Vélez quotes two Pennsylvania researchers who claim that fear can either decrease or enhance our awareness, depending on context. (Disclaimer: the most dangerous thing in Pennsylvania is a cheesesteak, which is why we don’t hear many Pennsylvania field recordings.) When one is afraid, one begins to focus on certain sounds and listen for others: the definition of a closer listen. Our lives don’t depend on giving the sounds we receive a closer listen, but Vélez’ life did ~ or at least it might have. Seared into the collective memory of field recording artists everywhere are the final cries of Timothy Treadwell (Grizzly Man): from an aesthetic standpoint, possibly the worst field recording ever. No one wants to end up like that, no matter how valuable the sounds one captures in one’s final moments.

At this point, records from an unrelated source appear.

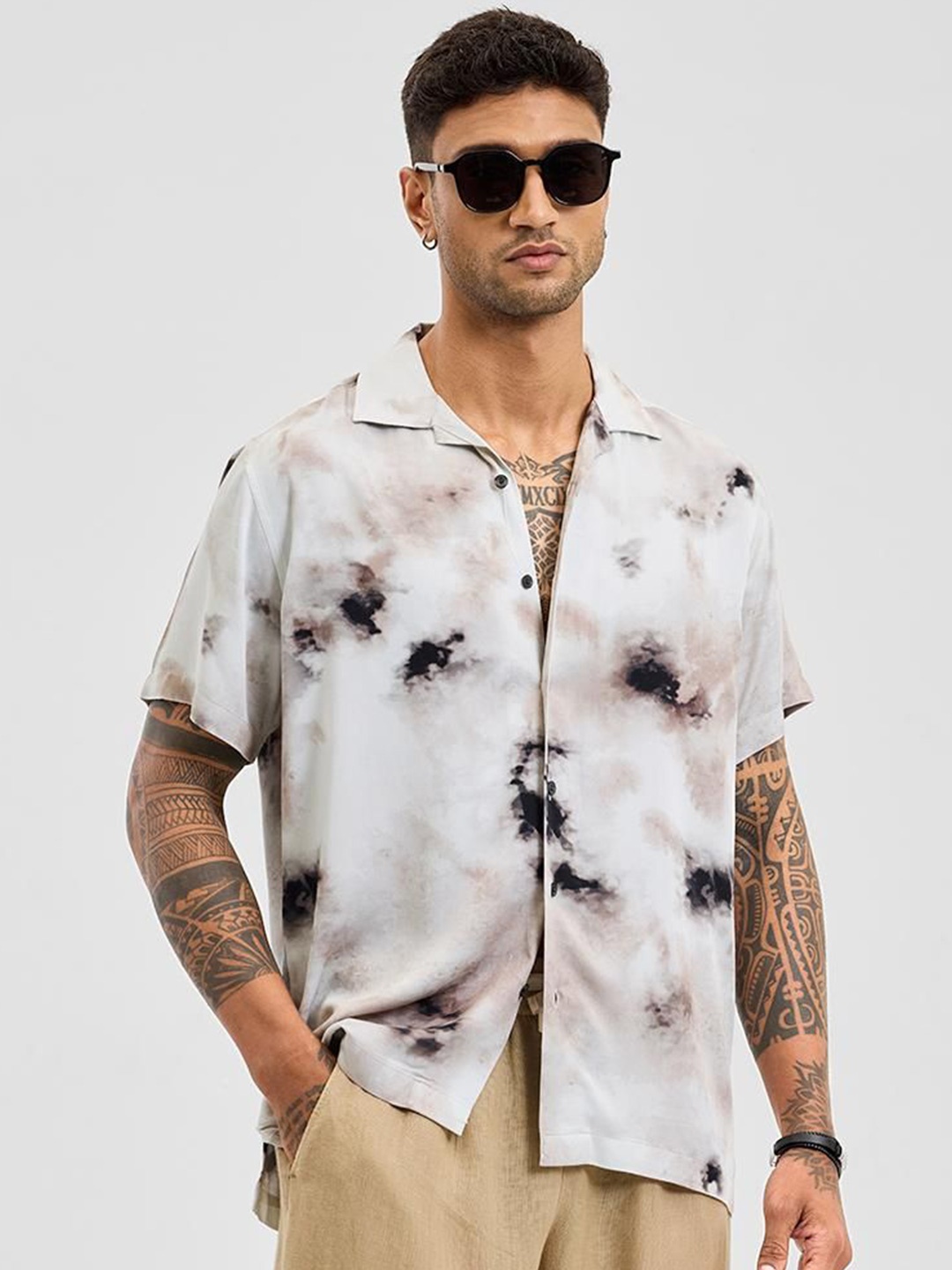 

Snitch Men Relaxed Boxy Fit Cuban Collar Abstract Printed Casual Shirt, Off white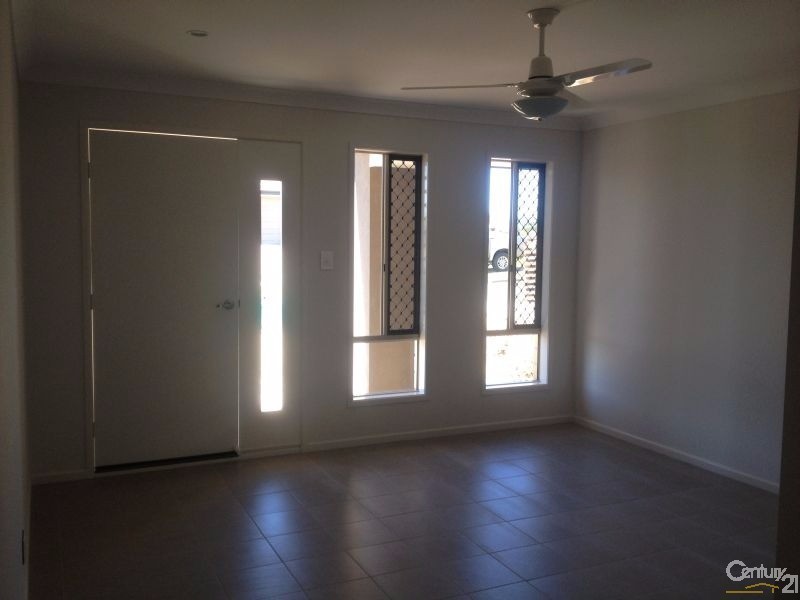 13 Fulmer Street, Yarrabilba QLD 4207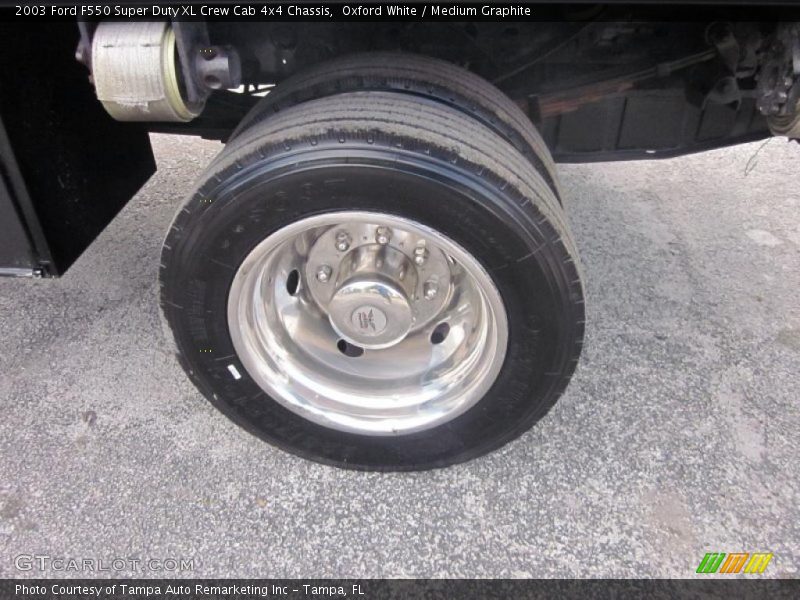 Oxford White / Medium Graphite 2003 Ford F550 Super Duty XL Crew Cab 4x4 Chassis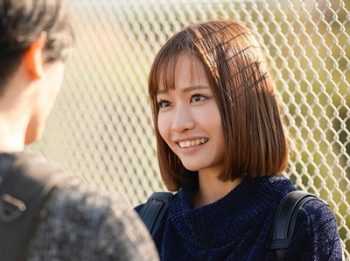 在学中から大好きだった先生に自ら唾液を飲ませて中出しさせる淫乱卒業生美少女中出し蓮見天のアダルト動画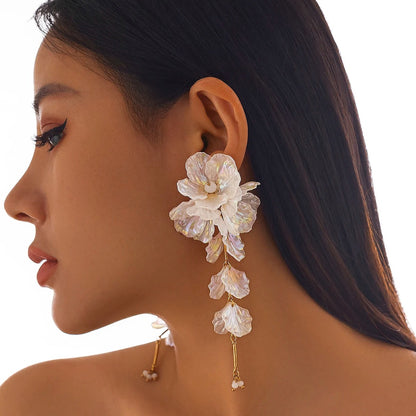 Elegant White Petal Flower Drop Earrings Women Kpop Hanging Piercing Earring Aesthetic Wed Bridal Jewelry Accessories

The context of the home listener is completely different: benign and often bland. A very common (yet pleasurable) experience is to lie on a couch, reading a book while listening to a field recording. This practice may irk certain artists (“Hey, I risked my life for that!”), but it’s relatively universal. This is where The wait makes its greatest impact. In previous installation pieces, Vélez broke things and/or dragged them across the floor. (“Read to that!“) But in this purer field piece, he captures sounds that are so rich, and mixed so loudly, that one simply must stop everything else and take notice. Even on the most basic intuitive level, one instantly realizes that this is an excellent rain recording, crisp and long ~ not just a passing shower, but a seemingly unending deluge that begins in the opening minute and doesn’t let up for quite a while. This is the sort of rain one plays for friends, saying, “You’ve got to hear this rain!” And due to the extra sounds of creatures in the forest, one also realizes that this is not the sort of storm most of us will ever hear; it’s site-specific, the opposite of generic. In this instance, a field recording becomes a sound to share like a song. The more one listens, the more one hears, like a visitor to the forest. The big difference: one listens without fear. In such a placid context, the wait no longer involves finishing up and getting the hell out of there. Instead, it’s the wait to hear that amazing bird once more; and thanks to the courage of Vélez, we can.